Advertisement
TÜRKİYE EKONOMİSİ ABONE OL

Başbakan Yardımcısı Ali Babacan, yatırım ortamını daha da iyileştirmek için şu anda bir yasa paketi üzerinde çalıştıklarını, yatırım ortamını iyileştirme ile ilgili çalışmayı yakında TBMM'ye sevk edeceklerini bildirdi.

Ali Babacan, ''Türkiye'ye Yatırım Texsas Pasific Group (TPG) Perspektifi Konferansı''nın açılışında yaptığı konuşmada, Türkiye'de KOBİ'lerin ekonominin omurgasını oluşturduğunu ifade ederek, bugün TPG'nin bu konuda bir sunuşu olacağını söyledi.

Babacan, ''Bu nispeten yeni bir girişim ve daha çok küçük ve orta boy işletmelere nasıl katkı sağlanabilir, bu özel girişim sermayesi sistemi nasıl Türkiye'de KOBİ'lerde de daha yaygın kullanılabilir? Bunun da tartışması toplantı sırasında yapılacaktır. Türkiye ile Avrupa'daki KOBİ'ler arasındaki ortaklıklar nasıl güçlendirilir? Bütün bunlar üzerinde çalışılması gereken, durulması gereken, önemli potansiyeli olan alanlar...'' şeklinde konuştu.

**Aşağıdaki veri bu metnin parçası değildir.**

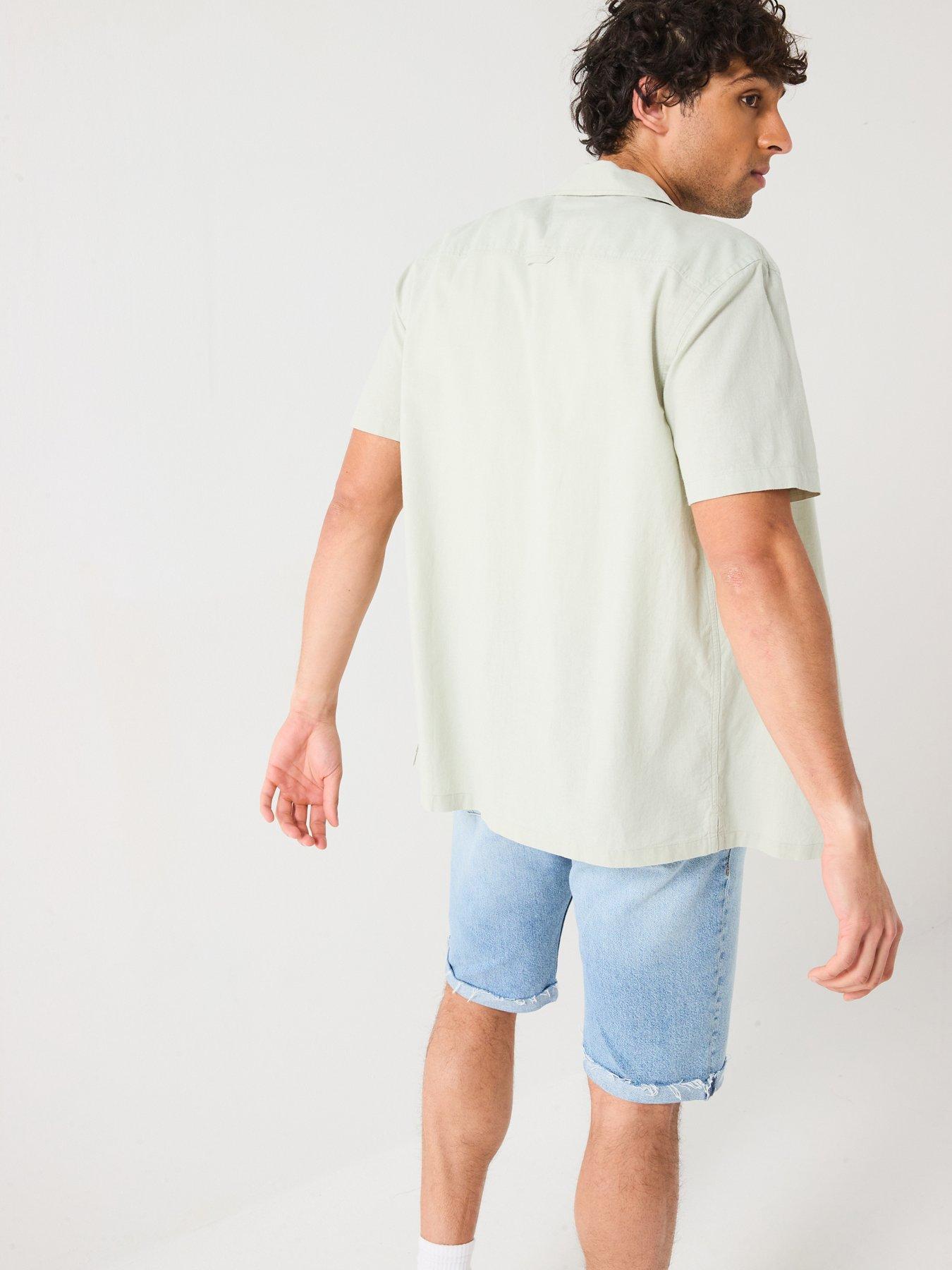 Image 2 of 6 of Tommy Jeans Linen Blend Camp Short Sleeve Shirt - Light Green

Önümüzdeki dönemde Türkiye'de siyasi reformlarının devam etmesi gerektiğini vurgulayan Babacan, konuşmasını şöyle sürdürdü:

''Türkiye'nin demokrasi, temel hak ve özgürlükler, hukukun üstünlüğü konusunda daha alacağı mesafe var. Çok şeyler yaptık, fakat önümüzde yapılacak daha çok işler var. Öte yandan ekonomide de yapacağımız çok işler var. Önümüzdeki dönemde Türkiye'nin maliye politikalarındaki sıkı duruşu devam edecek, kim ne derse desin. 'ABD'de 400 milyar dolarlık daha harcama paketi açıklamışlar', olabilir. Bizde bir atasözü vardır; her koyun kendi bacağından asılır. Biz kendimize dikkat edeceğiz, kendi hesabımıza, kitabımıza dikkat edeceğiz ve mali disiplinden asla taviz vermeyeceğiz. Merkez Bankamız para politikalarını fiyat istikrarı ve finansal istikrar odaklı aynen devam ettirecek. Sıkı duruşu, sağlam duruşu devam ettirmek zorundayız.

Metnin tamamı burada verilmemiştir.